There exists an automatic IPv6-in-IPv4 tunnel mechanism, where the IPv4 address is used to give an automatic IPv6 address. All you need to do is add two lines to the ifcfg-$DEVICE file: IPV6INIT=yes IPV6TO4INIT=yes redhat-config-network should do this for you, possibly even by default for public IP addresses if IPv6 is enabled system-wide.
This would be FC2
Personally I would like to suggest adding: NETWORKING_IPV6=yes by default to /etc/sysconfig/network. David, shouldn't native IPv6 be the default, and 6to4 a configuration option in r-c-n?
Native IPv6 happens by default -- if there's a route adversiting daemon on the subnet and ipv6.o is loaded, you'll get your native IPv6 addresses. It's only really 6to4 which needs configuration.

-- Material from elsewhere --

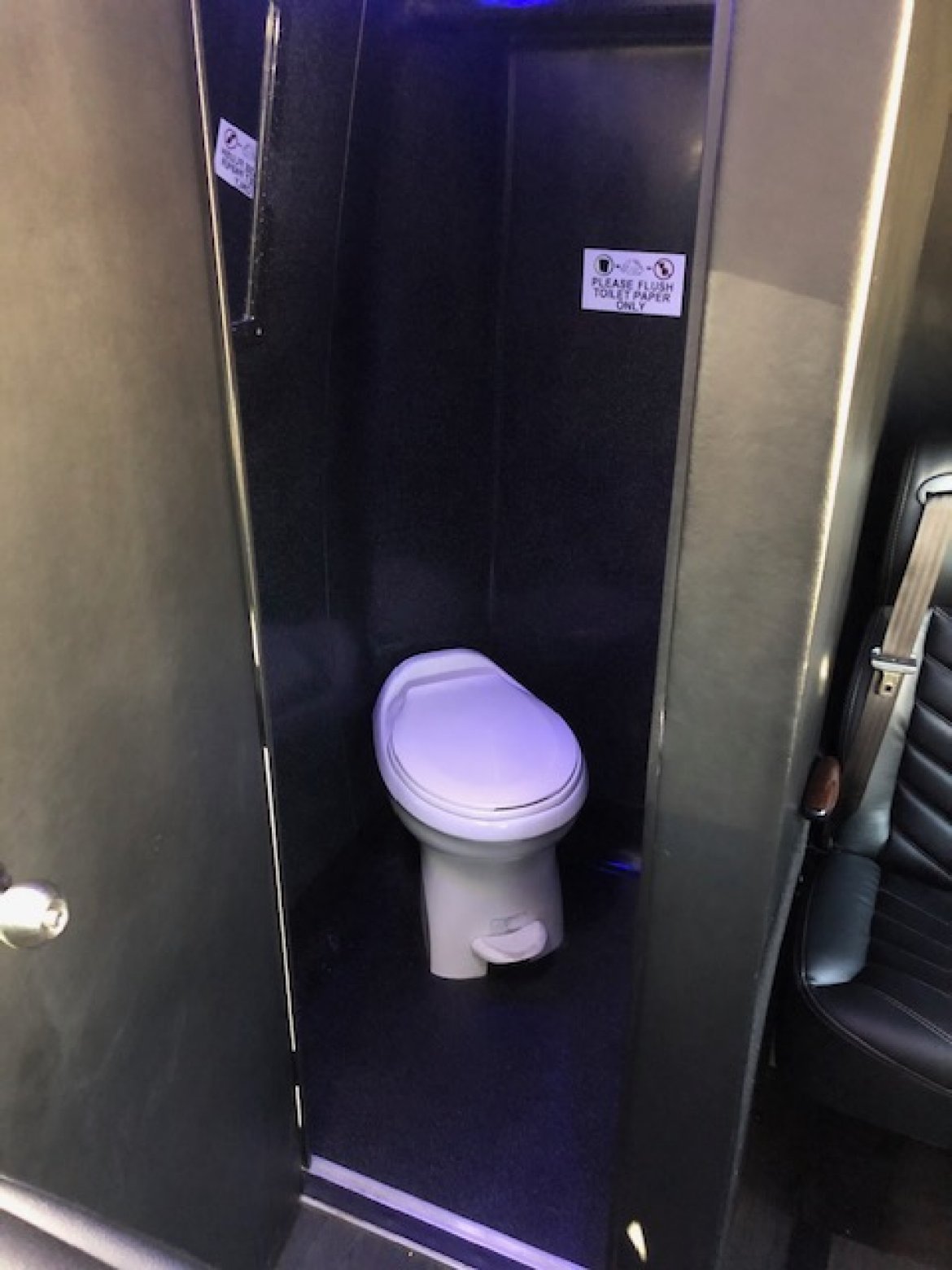 Executive Shuttle for Sale in Riverside, CA - Photo 18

Well IPv6 only happens if ipv6 is enabled (eg with NETWORKING_IPV6=yes for all capable interfaces or IPV6INIT=yes for individual interfaces). My comment was about IPV6TO4INIT=yes, which I don't think should be set by default for interfaces. Though of course it could be an r-c-n config option. Am I missing something?
You're right. Native IPv6 should be on by default, and 6to4 should be a checkbox in r-c-n.